ACTIVITY: Entries follow. Give back exactly the lines starting at the one containing "มะกันห้าวจัด!! เตรียมอายัดคริปโต 1" and ending at the one containing "ราคา เครื่อง PSP", and no other lines.

DATA PROVIDED:
+++

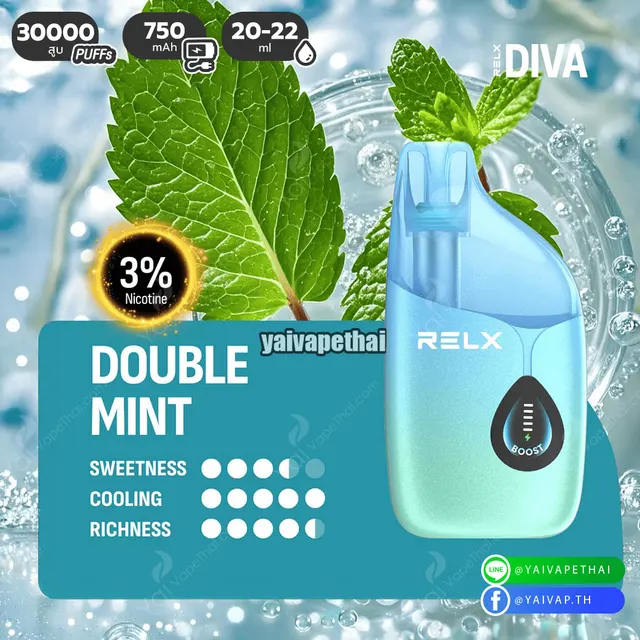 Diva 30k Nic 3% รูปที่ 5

+++

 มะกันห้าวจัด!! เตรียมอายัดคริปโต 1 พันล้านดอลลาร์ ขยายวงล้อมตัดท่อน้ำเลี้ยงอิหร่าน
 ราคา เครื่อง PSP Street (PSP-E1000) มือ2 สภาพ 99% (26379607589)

+++

RESULT FOR THIS EXERCISE:
 มะกันห้าวจัด!! เตรียมอายัดคริปโต 1 พันล้านดอลลาร์ ขยายวงล้อมตัดท่อน้ำเลี้ยงอิหร่าน
 ราคา เครื่อง PSP Street (PSP-E1000) มือ2 สภาพ 99% (26379607589)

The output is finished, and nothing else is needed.